[Data extracted from a collection]
--
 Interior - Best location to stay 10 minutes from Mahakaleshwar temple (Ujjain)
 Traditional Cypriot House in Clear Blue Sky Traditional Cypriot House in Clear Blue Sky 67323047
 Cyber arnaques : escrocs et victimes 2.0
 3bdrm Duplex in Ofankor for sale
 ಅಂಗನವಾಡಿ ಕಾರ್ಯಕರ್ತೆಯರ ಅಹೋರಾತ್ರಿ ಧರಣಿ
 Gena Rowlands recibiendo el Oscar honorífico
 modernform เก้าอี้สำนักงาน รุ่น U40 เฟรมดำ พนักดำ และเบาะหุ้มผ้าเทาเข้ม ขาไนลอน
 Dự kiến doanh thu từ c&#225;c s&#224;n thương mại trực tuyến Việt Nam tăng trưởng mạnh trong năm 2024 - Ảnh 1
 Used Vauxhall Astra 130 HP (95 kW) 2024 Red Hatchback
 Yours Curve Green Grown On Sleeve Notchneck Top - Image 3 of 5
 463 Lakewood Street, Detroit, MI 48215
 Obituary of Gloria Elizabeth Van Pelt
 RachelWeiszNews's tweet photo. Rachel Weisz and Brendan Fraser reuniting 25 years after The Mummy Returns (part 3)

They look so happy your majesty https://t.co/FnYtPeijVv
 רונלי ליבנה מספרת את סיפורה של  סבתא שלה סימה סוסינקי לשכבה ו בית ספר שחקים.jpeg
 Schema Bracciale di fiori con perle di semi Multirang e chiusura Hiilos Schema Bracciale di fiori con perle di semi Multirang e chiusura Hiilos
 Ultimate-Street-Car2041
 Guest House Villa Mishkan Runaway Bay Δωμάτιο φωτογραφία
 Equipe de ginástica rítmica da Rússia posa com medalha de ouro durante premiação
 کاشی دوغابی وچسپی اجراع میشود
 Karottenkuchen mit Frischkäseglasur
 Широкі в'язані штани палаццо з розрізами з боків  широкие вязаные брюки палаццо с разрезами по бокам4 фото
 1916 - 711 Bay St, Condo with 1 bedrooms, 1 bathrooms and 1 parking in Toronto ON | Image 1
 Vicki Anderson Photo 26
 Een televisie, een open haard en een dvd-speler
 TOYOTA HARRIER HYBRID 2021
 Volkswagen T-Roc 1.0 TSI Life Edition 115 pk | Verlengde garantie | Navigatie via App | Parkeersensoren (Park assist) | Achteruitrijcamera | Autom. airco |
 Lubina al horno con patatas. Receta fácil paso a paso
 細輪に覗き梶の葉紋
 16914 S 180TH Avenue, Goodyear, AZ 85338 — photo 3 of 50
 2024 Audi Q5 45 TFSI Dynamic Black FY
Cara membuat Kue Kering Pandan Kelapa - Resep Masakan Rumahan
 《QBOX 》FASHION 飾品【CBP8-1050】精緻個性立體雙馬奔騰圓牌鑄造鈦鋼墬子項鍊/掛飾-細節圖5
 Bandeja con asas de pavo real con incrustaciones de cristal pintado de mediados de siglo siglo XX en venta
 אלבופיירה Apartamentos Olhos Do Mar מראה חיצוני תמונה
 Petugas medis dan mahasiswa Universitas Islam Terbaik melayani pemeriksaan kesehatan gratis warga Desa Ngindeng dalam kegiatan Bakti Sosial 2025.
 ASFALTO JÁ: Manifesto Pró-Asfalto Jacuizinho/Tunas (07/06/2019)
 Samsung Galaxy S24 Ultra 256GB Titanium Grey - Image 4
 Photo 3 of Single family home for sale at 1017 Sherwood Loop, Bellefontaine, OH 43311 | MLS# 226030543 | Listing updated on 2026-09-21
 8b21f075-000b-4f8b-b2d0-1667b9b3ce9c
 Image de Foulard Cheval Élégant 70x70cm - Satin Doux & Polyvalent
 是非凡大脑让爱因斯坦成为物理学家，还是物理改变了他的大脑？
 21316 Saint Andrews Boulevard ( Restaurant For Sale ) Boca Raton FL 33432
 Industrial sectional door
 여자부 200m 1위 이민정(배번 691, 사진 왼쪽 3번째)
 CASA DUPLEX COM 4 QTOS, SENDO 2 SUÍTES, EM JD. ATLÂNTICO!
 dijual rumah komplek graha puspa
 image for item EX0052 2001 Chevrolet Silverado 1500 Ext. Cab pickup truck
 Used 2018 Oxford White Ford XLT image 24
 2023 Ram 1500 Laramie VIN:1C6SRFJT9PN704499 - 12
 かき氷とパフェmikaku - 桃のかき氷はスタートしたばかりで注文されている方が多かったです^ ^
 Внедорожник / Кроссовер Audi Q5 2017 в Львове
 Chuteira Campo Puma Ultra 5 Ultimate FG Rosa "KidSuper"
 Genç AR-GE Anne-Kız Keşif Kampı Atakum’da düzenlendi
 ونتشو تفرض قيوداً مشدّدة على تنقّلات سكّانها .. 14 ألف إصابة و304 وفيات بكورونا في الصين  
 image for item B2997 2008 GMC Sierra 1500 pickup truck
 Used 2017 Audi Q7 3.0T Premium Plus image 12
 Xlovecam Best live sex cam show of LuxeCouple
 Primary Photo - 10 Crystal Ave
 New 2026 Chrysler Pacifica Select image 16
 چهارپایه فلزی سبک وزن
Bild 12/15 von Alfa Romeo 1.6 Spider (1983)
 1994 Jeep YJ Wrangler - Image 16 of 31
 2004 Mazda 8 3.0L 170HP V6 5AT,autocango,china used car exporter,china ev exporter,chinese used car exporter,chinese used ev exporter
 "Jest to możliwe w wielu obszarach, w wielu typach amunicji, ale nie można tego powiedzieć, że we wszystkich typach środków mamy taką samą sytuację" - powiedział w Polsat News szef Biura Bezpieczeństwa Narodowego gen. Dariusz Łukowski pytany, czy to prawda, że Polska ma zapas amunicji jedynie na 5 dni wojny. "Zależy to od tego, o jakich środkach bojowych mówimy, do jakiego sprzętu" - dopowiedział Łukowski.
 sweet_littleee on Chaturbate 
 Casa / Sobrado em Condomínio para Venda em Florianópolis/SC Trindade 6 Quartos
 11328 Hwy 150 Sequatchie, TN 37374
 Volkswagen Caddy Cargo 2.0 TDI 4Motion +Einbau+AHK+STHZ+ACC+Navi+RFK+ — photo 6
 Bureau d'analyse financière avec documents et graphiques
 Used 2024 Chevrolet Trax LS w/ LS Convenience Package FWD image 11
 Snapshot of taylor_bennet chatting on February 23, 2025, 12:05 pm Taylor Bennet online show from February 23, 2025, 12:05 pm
--
> **GOAL OF THE EXERCISE**:
All that belongs in the answer is an exact copy of the lines from the start of the records above through the line with "ಅಂಗನವಾಡಿ ಕಾರ್ಯಕರ್ತೆಯರ ಅಹೋರಾತ್ರಿ ಧರಣಿ".

> **RESULT OF THIS TASK**:
 Interior - Best location to stay 10 minutes from Mahakaleshwar temple (Ujjain)
 Traditional Cypriot House in Clear Blue Sky Traditional Cypriot House in Clear Blue Sky 67323047
 Cyber arnaques : escrocs et victimes 2.0
 3bdrm Duplex in Ofankor for sale
 ಅಂಗನವಾಡಿ ಕಾರ್ಯಕರ್ತೆಯರ ಅಹೋರಾತ್ರಿ ಧರಣಿ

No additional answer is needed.